This is definitely not the first example you want to show in your homepage, if
the purpose of your site is to help with personal relations.

The intent of the site is good. I think there will be a big market for this
kind of thing if you find a way to help.

An address book is good; just lose the my.peeps name and call it an address
book. People are not eager to learn new fancy names for things.

Reminders about relevant events (birthdays, anniversaries) is good.

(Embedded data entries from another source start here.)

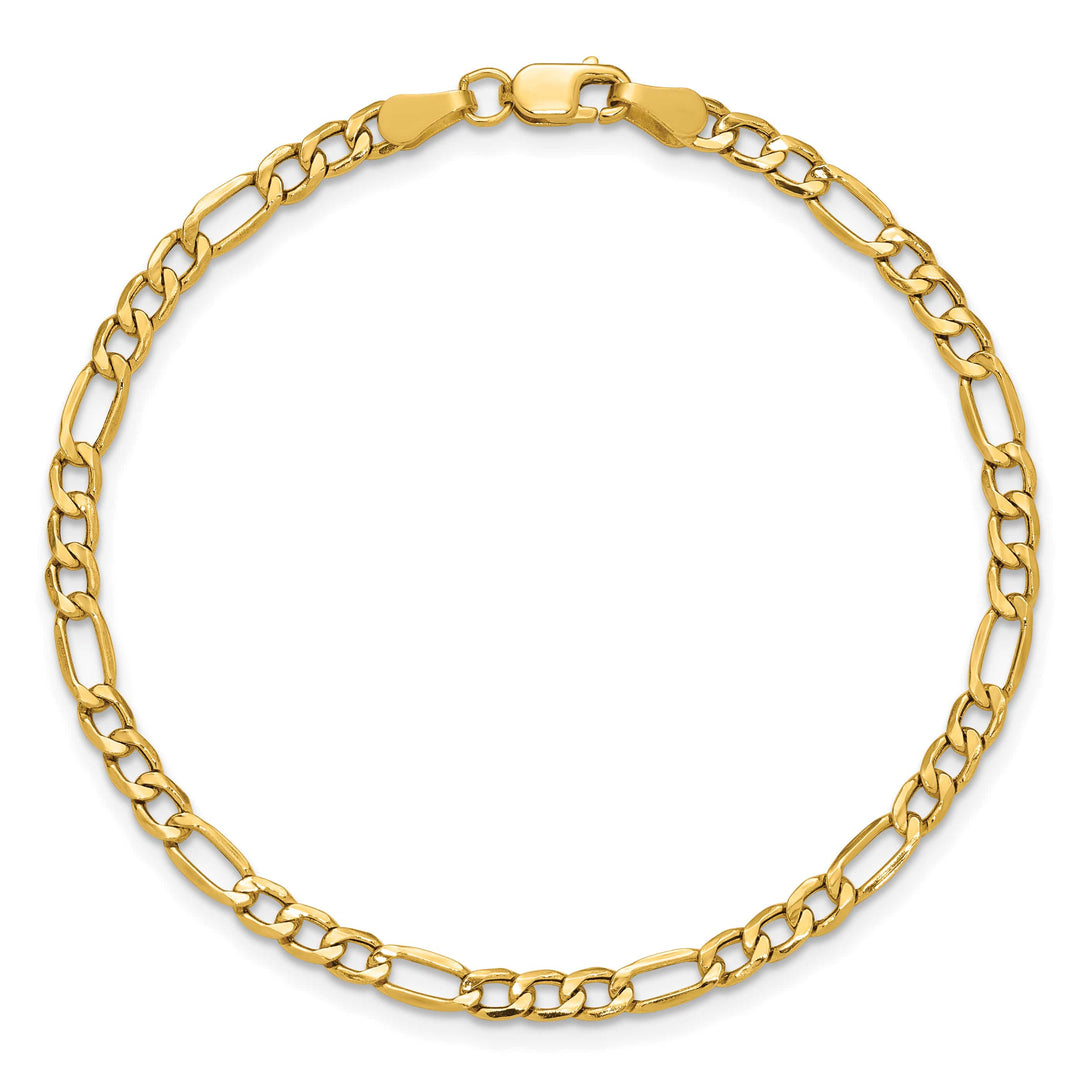 14K Yellow Gold 10 inch 3.5mm Semi-Solid Figaro Anklet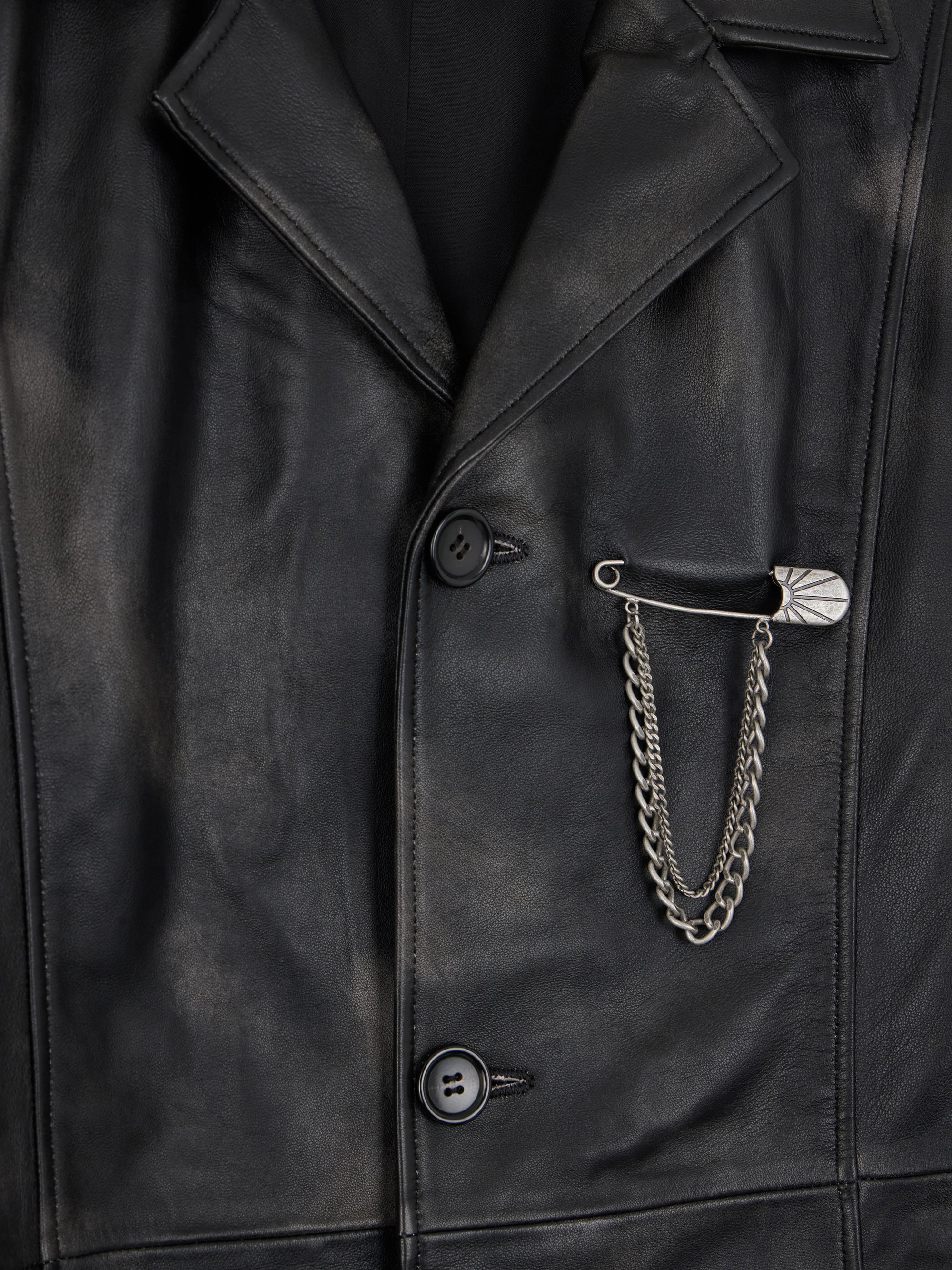 PACC18J005 ~ LEATHER BLAZER – BLACK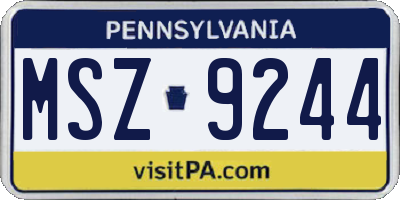 PA license plate MSZ9244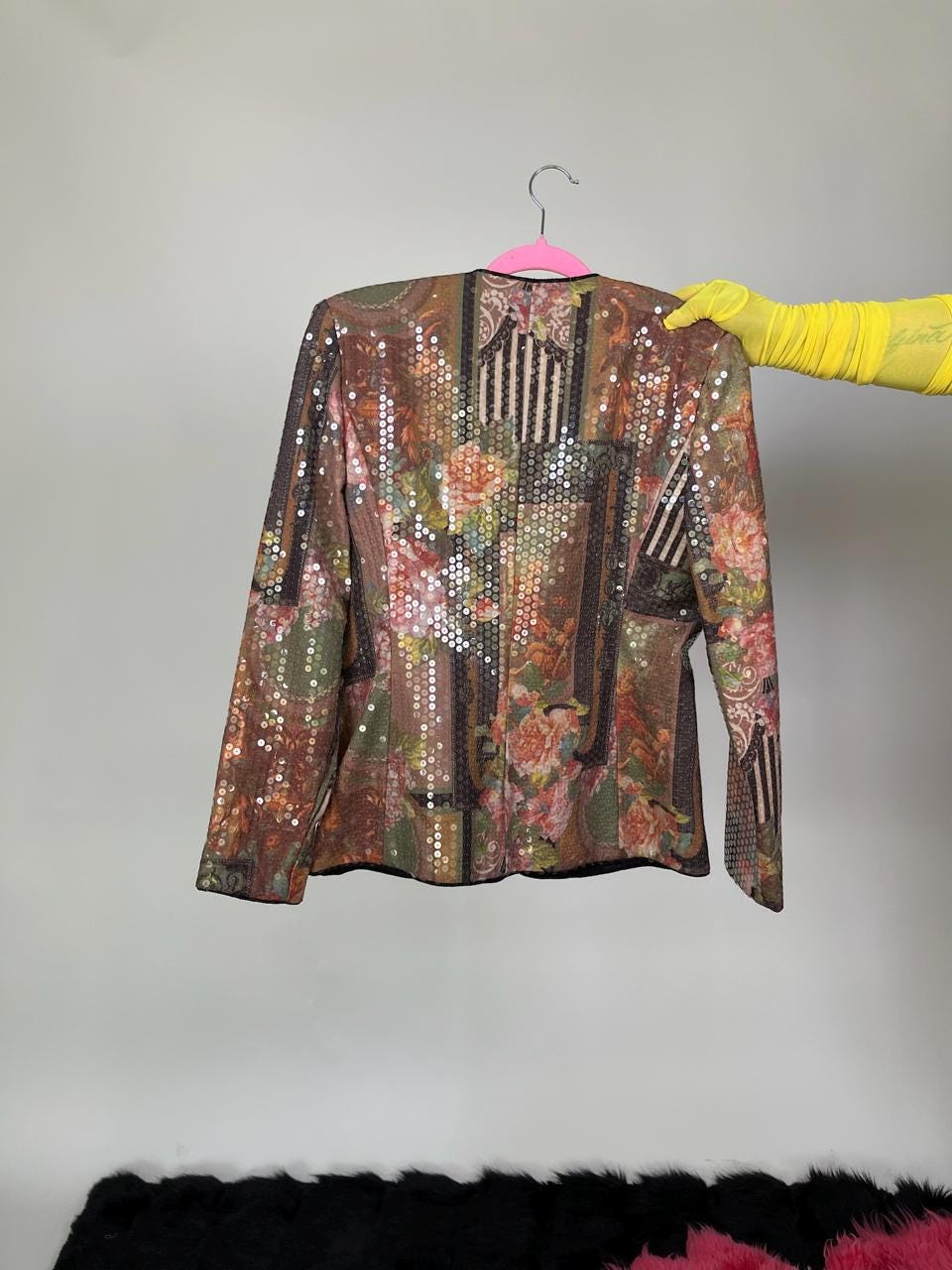 Vintage 70s "Sally Musto's" Sequin Art Print Jacket - Fits Size s-M, Possibly L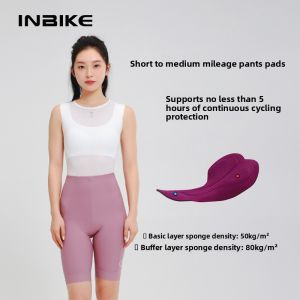 INBIKE | Suspenders Shorts High Elastic Fitted With Pockets Cycling Pants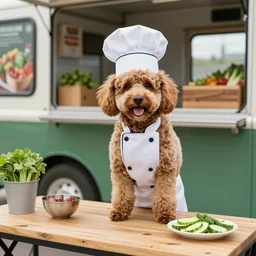a cavoodle in a chef outfit working on a vegan food truck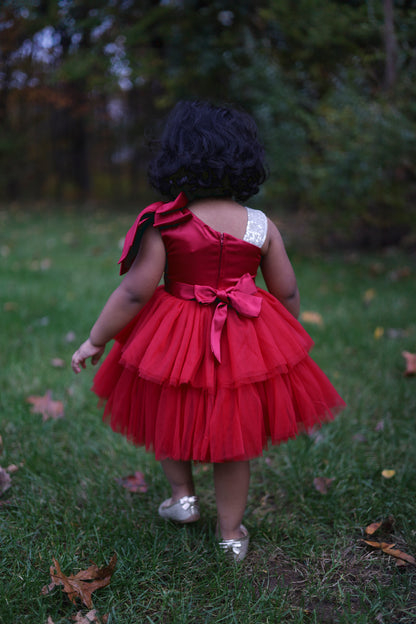 Maroon Neck Bow Tutu Dress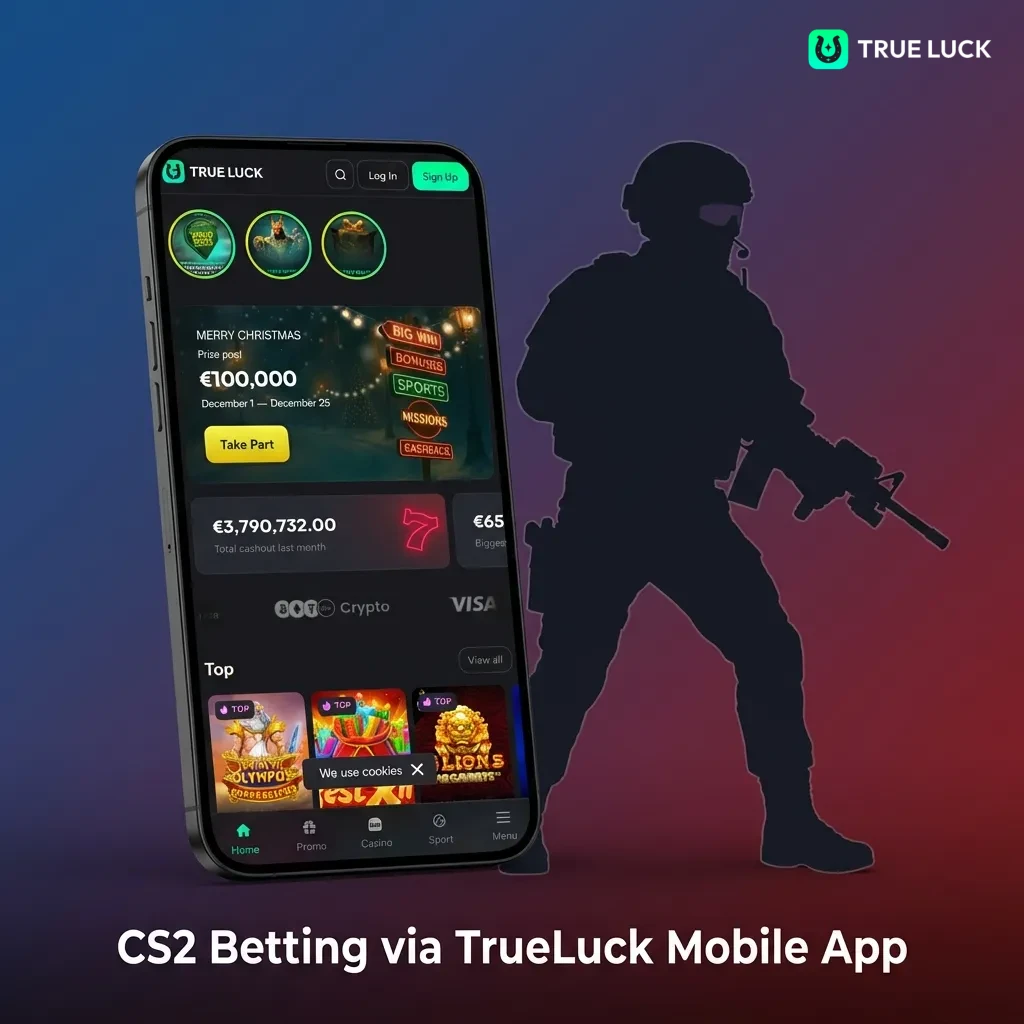 TrueLuck mobile app interface showing CS2 betting options and navigation menu for placing esports bets on smartphones
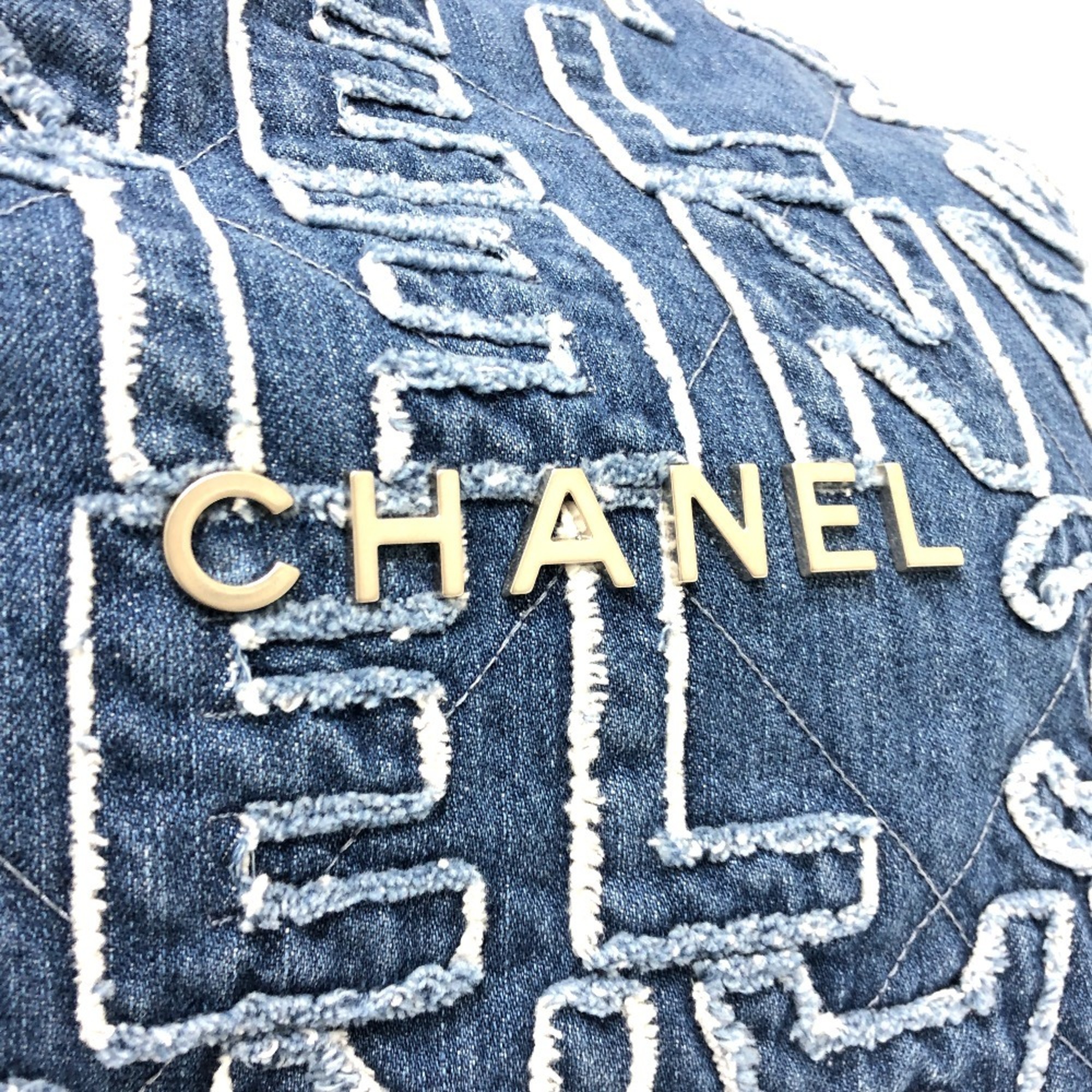 CHANEL AS3260 24A CHANEL22 Patchwork Shoulder Bag Denim Women's Blue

Of course there is plenty of software around that provides address book and
calendar functionality, so these can't be your selling features. Semirandom
reminders to do something special? OK, a bit mechanical, but I guess they
help.

I'm not sure about the functionality you offer, but anyway I don't think
functionality is what matters the most here. I think you want to look for
community features. Somehow encourage your customers to ask for and share
tips. The value of your site will not come from functionality, but from
becoming a hub for people interested in these matters. IMO, if you achieve
that, you're golden.

A minor one: lose the "best viewed with" tag. That's so 90's :). People aren't
going to get a different browser to go to your site; if your site doesn't work
on _their_ browser, they're just going away. Alien logos are noise and cheapen
the feel of your site. Don't let any in, unless there is some serious business
motivation for it.

[Edit: fixing formatting hiccups.]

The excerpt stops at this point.